La conseguenza è un infinito ciclo di spossessamento della terra dove i contadini in generale ricevono solo una piccola frazione del valore di mercato della loro terra, mentre i quadri di partito e i palazzinari si arricchiscono effettivamente. Infine, per quelle persone che mantengono la proprietà della terra, l’agricoltura in Cina ha conosciuto una profonda trasformazione capitalista, con i diritti d’uso della terra utilizzati per l’agrobusiness.
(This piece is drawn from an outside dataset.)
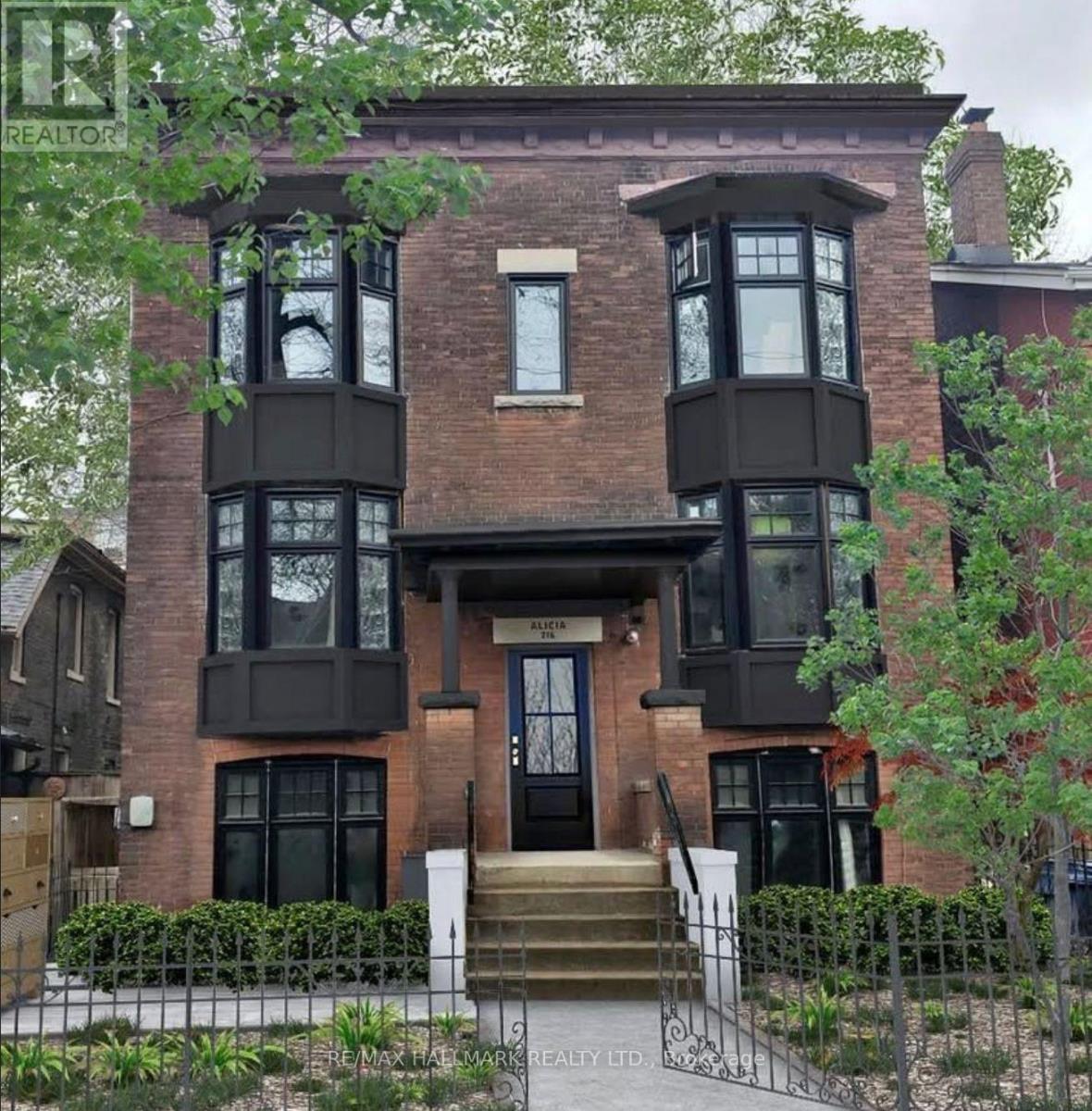 A brown brick house with a black front door and windows.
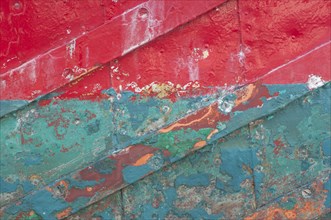 Boat hull with coloured paint residues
Il fatto che la terra sia formalmente collettiva non ha potuto impedire questo processo.

La logica della produzione di valore capitalista si è insinuata nell’economia e nello stato riformulando così profondamente la struttura sociale della Cina. Compredere le relazioni di classe è però solo un primo passo. Una piena analisi delle forme di gerarchia sociale intersecate con la razza, il genere, la geografia e la cittadinanza è necessaria per formulare un’adeguata risposta politica allo stato attuale di forte crisi. Un’intera serie di pressanti problemi pratici non sono risolvibili solo da una prospettiva di classe, pensiamo al quadro che vede contrapposti liberali e etno-nazionalisti: come dobbiamo interpretare l’azione dello stato cinese volta a soffocare la resistenza sociale a Hong Kong con la prospettiva dell’annessione di Taiwan, e il processo di colonizzazione in Xinjiang e in Tibet?

 

L’enorme crescita degli investimenti globali nel quadro della nuova via della seta – Belt and Road Initiative – indicano un emergente impero capitalista? Qual è una risposta propriamente radicale, anti-nazionalista e antimperialista al crescente conflitto fra Stati Uniti e Cina?

 

Queste sono alcune fra le questioni più urgenti che la sinistra affronta oggi, e non ci sono risposte semplici. Di sicuro c’è che la falsa promessa dello stato cinese di guidare unilateralmente il mondo in un futuro socialista deve essere completamente rifiutata dagli anticapitalisti.

Risuonano ancora giuste le parole di Marx nell’Ideologia tedesca: ”Il comunismo per noi non è uno stato di cose che debba essere instaurato, un ideale al quale la realtà dovrà conformarsi. Chiamiamo comunismo il movimento reale che abolisce lo stato di cose presente.” Conforta pensare che una superpotenza emergente costruirà il mondo che vogliamo, ma è un’illusione. Dobbiamo costruircelo da noi stessi.

 

Eli Friedman è Professore associato di International and Comparative Labor presso la Cornell’s School of Industrial and Labor Relations. E’ autore di “Insurgency Trap: Labor Politics in Postsocialist China” (ILR Press, 2014) e co-autore di “China on Strike: Narratives of Workers’ Resistance” (Haymarket, 2016).

Articolo pubblicato su Spectre Journal. Traduzione in italiano di GioGo per DINAMOpress.